Giants manager Bruce Bochy is as competitive as anyone in baseball, longtime pitcher Jake Peavy says, and over the next month, Bochy probably will have to make peace with the idea that one of his best players is going to be at heightened risk for injury in an exhibition put on by Major League Baseball.
But Bochy will relent and permit Buster Posey to catch in the All-Star Game, in which Posey will be exposed to finger-wrecking foul tips, the face-mask-slamming backswings of hitters, thumb-bending fastballs from pitchers like Noah Syndergaard, and, of course, the concussions that catchers absorb.
And that’s when Posey is merely fielding his position. When Posey is batting, he could pull up lame running the bases, the way Hunter Pence did the other day, or maybe some pitcher will hit him, like when Matt Harvey smoked Robinson Cano on the knee in 2013.

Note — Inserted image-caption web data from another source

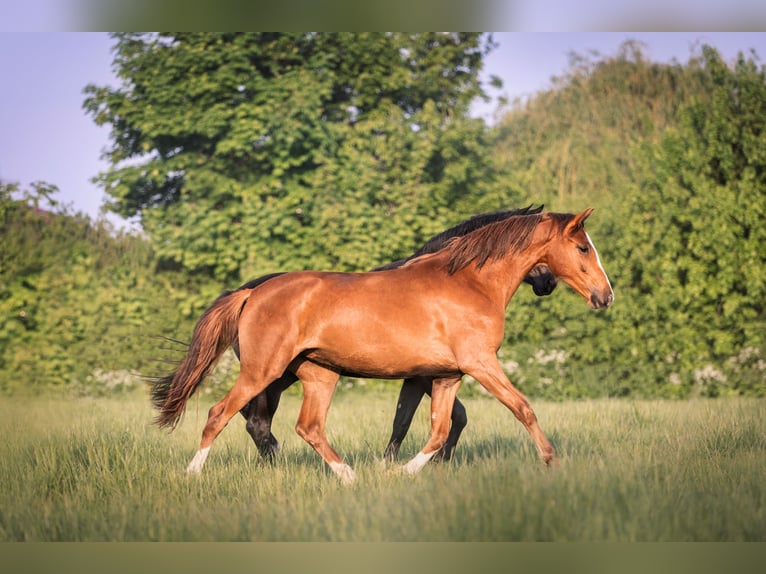 Hanoverian Mare 4 years 16,1 hh Chestnut-Red in Eisfeld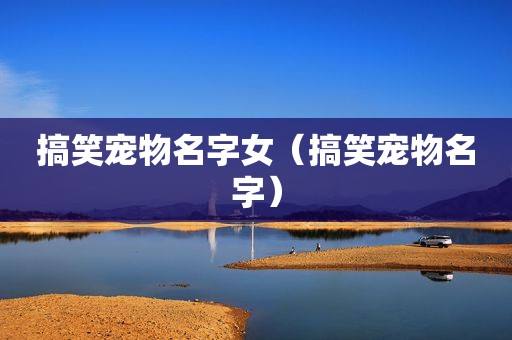 搞笑宠物名字女（搞笑宠物名字）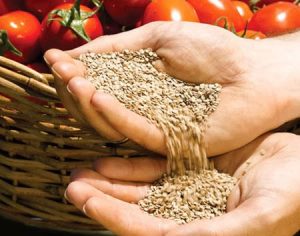 what varieties of tomato should be planted in a polycarbonate greenhouse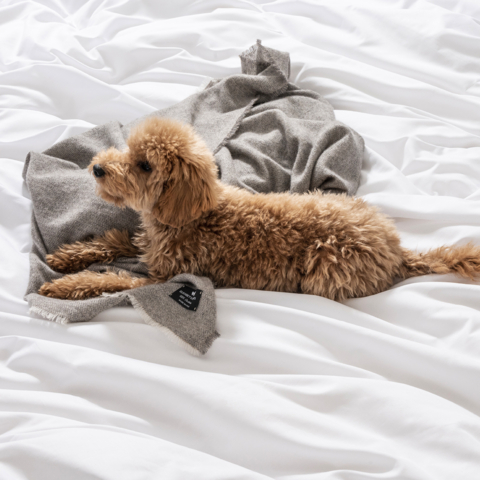 elisabettabonaiti_homedecor_cashmere_2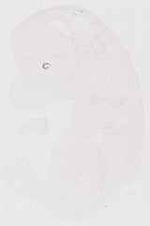 EMAGE:11713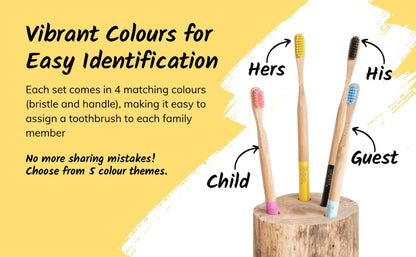 Set of four toothbrushes with colored handles and bristles, labeled for different family members, on a yellow background.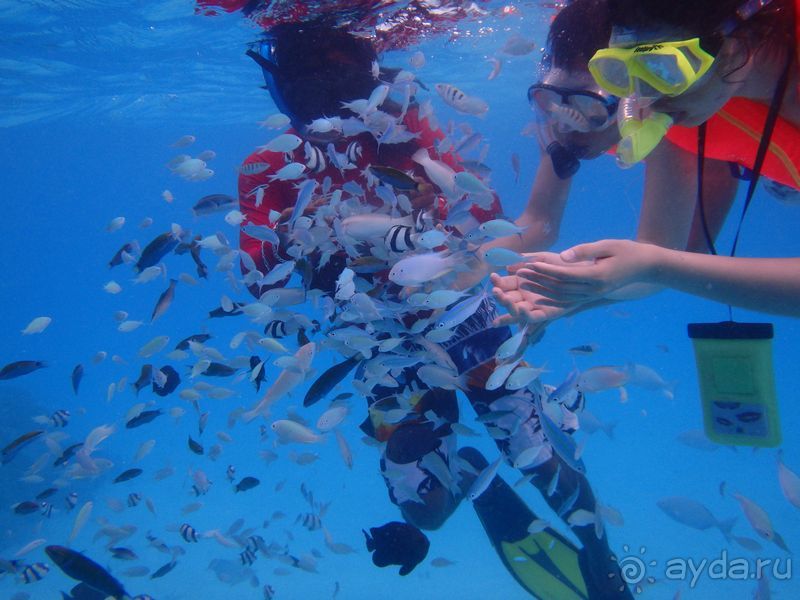 Альбом отзыва "Бюджетный отдых на Мальдивах. Какой он?"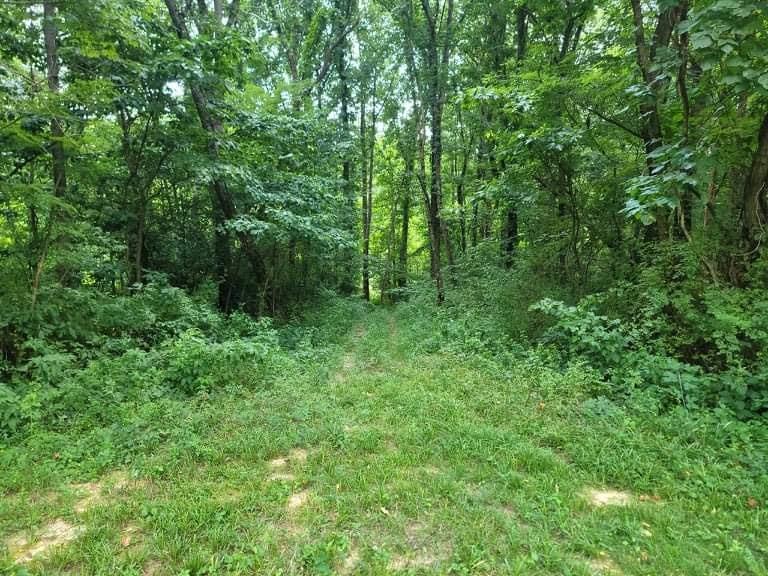 16078 St Marys Road Brookville, IN 47012 - Photo 4 of 13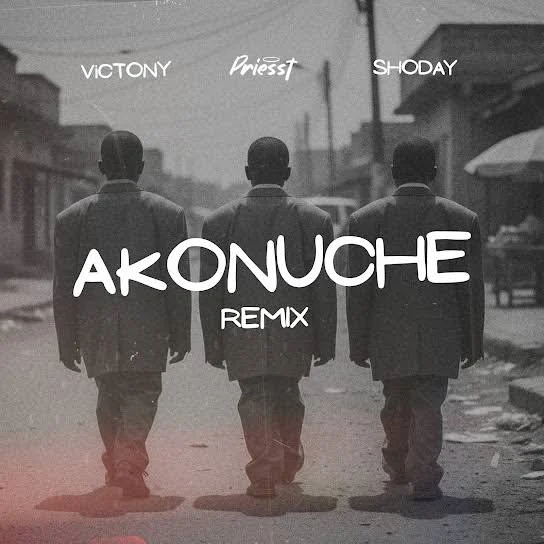 Akonuche (Remix) by Priesst cover art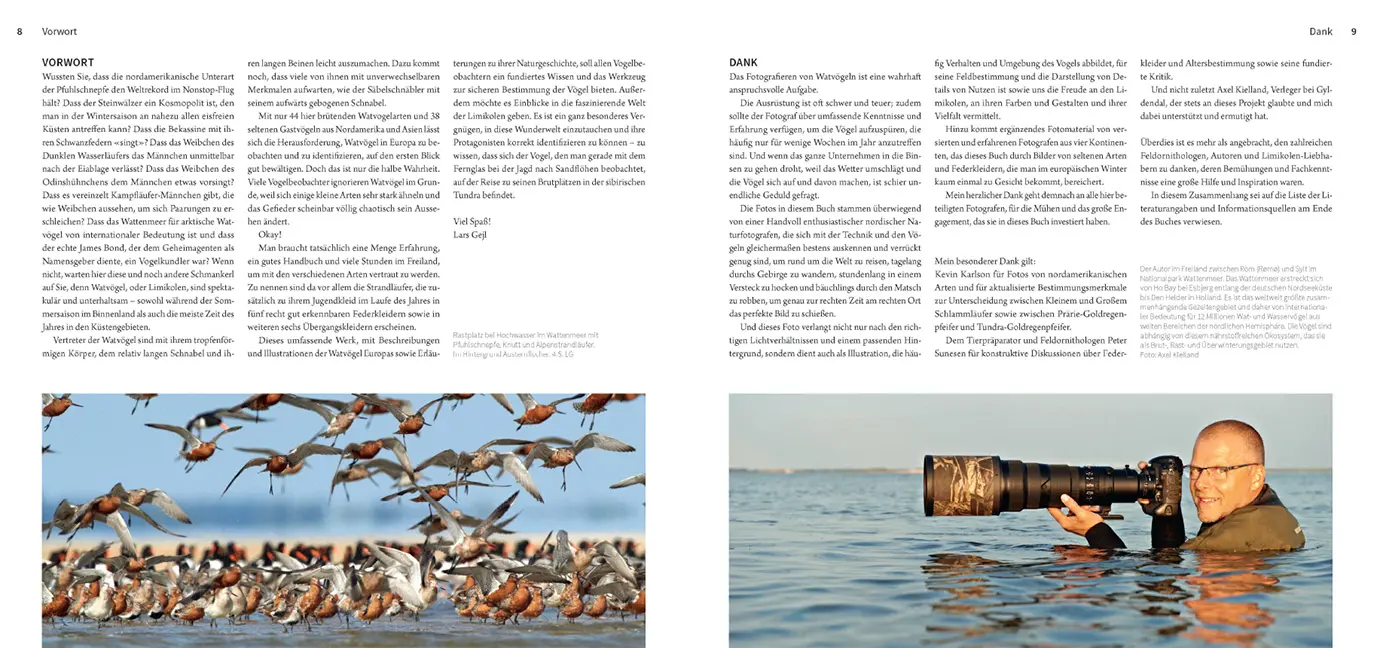 Beispielinhalt (Bild) Die Watvögel Europas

It’s possible that when Clayton Kershaw pitches, he could get hit by a batted ball, the way Dizzy Dean did in the 1937 All-Star Game.
Sixty-eight of baseball’s best players will be selected for the All-Star Game, and along with the honor comes the possibility they will get hurt. The same dynamic will apply next spring, when dozens of players will leave their respective organizations to participate in the World Baseball Classic, and next winter, when some players will spend the offseason playing winter ball.
If Rule No. 1 of risk in sports is that you might lose, Rule 2 should be: You might get hurt.